As the next couple days passed, it became apparent that we did the right thing by going early. The 18th through the 20th were unimpressive, with a stiff NW breeze and not much in the way of birds. However, we all had planned on going on a later date, so our schedules were still pretty much clear. We began to talk about trying a second Big Day on Wednesday, May 21, regardless of weather...because we could. The weather for the 21st looked fine in that the NW breeze was finally forecast to die down. Conditions were favorable, but it did not look like we would see any significant migration either. We continued to scout early that week in case we made another run.

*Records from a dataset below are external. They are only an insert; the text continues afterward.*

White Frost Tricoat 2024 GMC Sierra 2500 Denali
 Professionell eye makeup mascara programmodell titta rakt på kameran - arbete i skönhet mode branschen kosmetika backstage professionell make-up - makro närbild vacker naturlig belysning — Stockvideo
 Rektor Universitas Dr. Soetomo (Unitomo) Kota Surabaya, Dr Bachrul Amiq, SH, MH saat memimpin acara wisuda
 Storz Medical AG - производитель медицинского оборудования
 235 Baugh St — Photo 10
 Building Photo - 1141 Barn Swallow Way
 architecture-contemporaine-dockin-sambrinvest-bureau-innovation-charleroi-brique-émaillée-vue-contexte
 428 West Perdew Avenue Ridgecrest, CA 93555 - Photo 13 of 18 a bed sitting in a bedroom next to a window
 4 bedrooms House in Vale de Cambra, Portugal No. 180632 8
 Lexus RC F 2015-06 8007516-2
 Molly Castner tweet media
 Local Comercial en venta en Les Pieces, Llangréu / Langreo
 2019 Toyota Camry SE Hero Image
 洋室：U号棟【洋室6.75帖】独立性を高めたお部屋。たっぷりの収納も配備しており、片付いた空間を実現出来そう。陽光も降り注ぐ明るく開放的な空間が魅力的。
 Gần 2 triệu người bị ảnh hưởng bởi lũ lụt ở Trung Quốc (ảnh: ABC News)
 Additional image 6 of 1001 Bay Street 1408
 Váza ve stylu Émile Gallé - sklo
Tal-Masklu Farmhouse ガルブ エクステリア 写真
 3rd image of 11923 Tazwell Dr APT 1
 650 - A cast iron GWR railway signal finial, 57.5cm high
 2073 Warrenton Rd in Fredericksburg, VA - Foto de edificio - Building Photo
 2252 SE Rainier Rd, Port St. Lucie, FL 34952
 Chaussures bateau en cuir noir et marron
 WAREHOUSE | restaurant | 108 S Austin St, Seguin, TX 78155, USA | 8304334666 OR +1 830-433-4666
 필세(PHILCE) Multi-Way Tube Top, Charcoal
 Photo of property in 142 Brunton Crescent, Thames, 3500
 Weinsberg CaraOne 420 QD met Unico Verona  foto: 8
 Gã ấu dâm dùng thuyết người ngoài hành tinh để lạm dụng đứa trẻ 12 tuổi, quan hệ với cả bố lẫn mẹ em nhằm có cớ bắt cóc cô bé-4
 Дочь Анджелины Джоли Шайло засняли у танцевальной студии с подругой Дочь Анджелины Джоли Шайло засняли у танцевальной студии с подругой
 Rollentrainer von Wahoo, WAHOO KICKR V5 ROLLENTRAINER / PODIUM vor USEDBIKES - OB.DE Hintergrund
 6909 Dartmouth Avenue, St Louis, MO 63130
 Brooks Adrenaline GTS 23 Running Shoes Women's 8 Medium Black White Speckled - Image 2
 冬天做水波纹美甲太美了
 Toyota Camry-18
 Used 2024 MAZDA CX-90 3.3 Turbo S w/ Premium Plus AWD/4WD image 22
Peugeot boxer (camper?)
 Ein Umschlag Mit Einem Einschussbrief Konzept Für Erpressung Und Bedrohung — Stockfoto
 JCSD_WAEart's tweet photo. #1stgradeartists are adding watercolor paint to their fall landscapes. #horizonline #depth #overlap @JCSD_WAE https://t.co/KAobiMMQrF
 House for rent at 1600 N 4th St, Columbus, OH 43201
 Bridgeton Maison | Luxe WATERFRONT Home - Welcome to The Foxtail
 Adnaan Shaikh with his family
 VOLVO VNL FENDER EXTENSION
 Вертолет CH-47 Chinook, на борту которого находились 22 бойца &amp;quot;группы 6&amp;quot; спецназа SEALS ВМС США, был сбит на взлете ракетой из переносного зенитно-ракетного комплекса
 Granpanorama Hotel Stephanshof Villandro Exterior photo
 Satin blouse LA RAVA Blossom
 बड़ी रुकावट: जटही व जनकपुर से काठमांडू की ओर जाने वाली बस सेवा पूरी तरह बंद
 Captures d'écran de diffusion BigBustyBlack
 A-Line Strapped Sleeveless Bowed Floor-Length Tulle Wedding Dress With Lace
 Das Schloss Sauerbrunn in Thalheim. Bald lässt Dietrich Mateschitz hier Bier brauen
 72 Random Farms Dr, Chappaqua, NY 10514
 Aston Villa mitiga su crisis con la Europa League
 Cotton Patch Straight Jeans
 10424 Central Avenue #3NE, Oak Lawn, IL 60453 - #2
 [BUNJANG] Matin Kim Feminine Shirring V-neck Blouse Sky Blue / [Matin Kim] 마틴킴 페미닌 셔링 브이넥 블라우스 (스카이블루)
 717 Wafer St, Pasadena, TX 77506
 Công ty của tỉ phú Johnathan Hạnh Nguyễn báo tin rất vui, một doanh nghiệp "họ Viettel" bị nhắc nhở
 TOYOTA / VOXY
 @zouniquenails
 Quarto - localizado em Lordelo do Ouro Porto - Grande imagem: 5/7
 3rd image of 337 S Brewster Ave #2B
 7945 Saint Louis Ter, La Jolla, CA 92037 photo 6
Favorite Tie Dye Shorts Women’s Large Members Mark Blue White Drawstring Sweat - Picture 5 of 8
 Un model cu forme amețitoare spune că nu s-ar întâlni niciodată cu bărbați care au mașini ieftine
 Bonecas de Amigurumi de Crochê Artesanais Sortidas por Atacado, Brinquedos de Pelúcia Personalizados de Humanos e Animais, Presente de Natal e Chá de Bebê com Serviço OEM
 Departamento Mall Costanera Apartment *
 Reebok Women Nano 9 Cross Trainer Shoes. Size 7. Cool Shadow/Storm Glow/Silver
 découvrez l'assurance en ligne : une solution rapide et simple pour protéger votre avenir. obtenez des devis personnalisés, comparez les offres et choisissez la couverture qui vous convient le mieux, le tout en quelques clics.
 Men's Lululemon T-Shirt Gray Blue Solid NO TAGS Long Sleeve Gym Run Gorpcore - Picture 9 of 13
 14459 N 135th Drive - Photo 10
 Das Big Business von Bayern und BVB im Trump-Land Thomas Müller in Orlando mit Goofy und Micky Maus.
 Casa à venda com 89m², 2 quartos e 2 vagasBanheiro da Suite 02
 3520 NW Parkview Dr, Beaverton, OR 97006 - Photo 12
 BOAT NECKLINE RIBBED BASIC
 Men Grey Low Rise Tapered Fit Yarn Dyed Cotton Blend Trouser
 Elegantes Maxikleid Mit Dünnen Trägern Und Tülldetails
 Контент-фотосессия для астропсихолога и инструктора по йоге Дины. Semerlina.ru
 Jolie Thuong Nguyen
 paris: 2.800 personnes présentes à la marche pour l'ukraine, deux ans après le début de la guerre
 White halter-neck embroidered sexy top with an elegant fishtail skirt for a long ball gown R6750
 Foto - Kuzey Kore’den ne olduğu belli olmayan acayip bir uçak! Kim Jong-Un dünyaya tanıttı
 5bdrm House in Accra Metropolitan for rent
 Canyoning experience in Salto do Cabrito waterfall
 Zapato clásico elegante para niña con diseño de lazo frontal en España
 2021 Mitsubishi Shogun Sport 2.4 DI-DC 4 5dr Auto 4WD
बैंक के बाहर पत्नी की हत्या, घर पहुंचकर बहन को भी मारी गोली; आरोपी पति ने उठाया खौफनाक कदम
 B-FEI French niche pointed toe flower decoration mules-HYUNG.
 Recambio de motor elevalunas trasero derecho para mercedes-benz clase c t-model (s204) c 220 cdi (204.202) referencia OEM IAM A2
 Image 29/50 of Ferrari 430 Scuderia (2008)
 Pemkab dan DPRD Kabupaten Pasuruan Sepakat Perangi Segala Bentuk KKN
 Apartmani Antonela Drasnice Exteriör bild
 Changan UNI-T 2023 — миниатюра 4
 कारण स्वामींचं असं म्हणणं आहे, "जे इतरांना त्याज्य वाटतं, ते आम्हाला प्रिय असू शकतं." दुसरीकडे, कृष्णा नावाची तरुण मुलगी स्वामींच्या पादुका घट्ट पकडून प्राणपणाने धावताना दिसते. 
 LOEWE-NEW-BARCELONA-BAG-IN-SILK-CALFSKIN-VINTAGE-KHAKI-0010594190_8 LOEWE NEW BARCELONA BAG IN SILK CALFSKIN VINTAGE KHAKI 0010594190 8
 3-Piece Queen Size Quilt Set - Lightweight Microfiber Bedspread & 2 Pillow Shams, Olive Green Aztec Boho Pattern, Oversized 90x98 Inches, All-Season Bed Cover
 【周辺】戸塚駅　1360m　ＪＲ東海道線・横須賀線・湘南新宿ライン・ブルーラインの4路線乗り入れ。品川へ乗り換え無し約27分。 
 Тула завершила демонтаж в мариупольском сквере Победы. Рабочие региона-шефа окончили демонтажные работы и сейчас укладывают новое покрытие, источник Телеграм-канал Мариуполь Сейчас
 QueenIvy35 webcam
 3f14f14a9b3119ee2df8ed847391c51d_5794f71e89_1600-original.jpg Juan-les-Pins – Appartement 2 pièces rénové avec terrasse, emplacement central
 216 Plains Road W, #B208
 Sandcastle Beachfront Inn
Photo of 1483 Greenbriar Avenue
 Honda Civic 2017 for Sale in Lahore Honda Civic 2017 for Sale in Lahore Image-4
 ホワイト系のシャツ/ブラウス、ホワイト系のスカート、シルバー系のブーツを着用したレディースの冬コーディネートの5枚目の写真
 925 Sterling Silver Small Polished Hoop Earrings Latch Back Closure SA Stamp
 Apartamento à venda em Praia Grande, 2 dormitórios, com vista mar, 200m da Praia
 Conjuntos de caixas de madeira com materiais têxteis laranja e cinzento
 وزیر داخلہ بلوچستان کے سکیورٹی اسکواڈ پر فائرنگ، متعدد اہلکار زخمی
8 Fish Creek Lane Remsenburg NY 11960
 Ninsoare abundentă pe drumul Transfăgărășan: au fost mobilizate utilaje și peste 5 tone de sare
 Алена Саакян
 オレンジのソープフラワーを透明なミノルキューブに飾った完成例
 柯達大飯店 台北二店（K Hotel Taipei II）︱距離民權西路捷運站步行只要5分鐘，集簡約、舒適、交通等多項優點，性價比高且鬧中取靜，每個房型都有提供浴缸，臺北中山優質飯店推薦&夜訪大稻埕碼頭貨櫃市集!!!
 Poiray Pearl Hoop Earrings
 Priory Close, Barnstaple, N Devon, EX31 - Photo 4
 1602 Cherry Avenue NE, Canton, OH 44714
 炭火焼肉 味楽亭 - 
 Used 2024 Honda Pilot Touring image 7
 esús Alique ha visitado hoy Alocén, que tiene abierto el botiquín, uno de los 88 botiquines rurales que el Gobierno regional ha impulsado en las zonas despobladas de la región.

On Tuesday morning we decided to give it another go that night. Crazy, I know. We were hoping that we would be able to tighten up the inland route, leaving us enough time to cover as much coast as we needed to, which should lead to an increased total.
We met at 11pm on Tuesday night, pumped and slightly incredulous that we were doing this twice in five days. The air was still and the sky clear, as forecast. Our night started at midnight with a Sora, and we were off from there. We got everything we could have reasonably expected during that first night session except for Great Horned Owl. The quality was stellar, capped by a stridently tooting Northern Saw-whet Owl. So cool. This was the best first night session we've ever had, as far as I was concerned.
Our morning in the north went much more smoothly than it did on Saturday. There was more birdsong in the air, and this theme carried throughout the morning. As a result, we were able to spend much less time looking for individual birds and did not have to rely on as many backup locations. This helped save a ton of time. By late morning we were actually ahead of our record pace despite missing a couple species and not having many migrants at all! Dave and Fran did an amazing job at getting us to the coast at an early hour, allowing us to go much further east than we did on Saturday.
We hit the coast running at Harkness Memorial State Park, getting such birds as the King Eider we had found while scouting, Common Eider, Black Scoter, Surf Scoter, Red-breasted Merganser, Piping Plover, and Purple Sandpiper. We were feeling very, very good.
That didn't last for as long as we had hoped though. After that point, things on the coast were a bit more of a struggle. Birds weren't quite where they were supposed to be. Instead of Saturday's efficient coastal run, it felt like pulling teeth at times. We actually got most of what we were in search of, but there were fewer surprise birds and we had to put in much more time and effort per species. In the end, we ran out of daylight once again...again short of a new record. After dark there wasn't much we needed. We ended up dipping on Great Horned Owl, but our last bird of the day was a calling King Rail that we had found just before midnight the night before! Our total? You guessed it...188! Again.
As our good friend Julian Hough put it, "Glad to see you are improving!" Ha ha...
In all seriousness, over the past 5 years we have gone from hoping to beat the old record (186) to beating it three times and tying it once. The old record is basically our new average. Now that we've upped the stakes, we should eventually reach the mid-190s. 200 is certainly not out of the question, but it has become apparent that reaching 200 on a Connecticut Big Day would take intense scouting, stellar weather conditions, perfect migration timing, and, of course, a bit of dumb luck.
I'm already looking forward to 2015.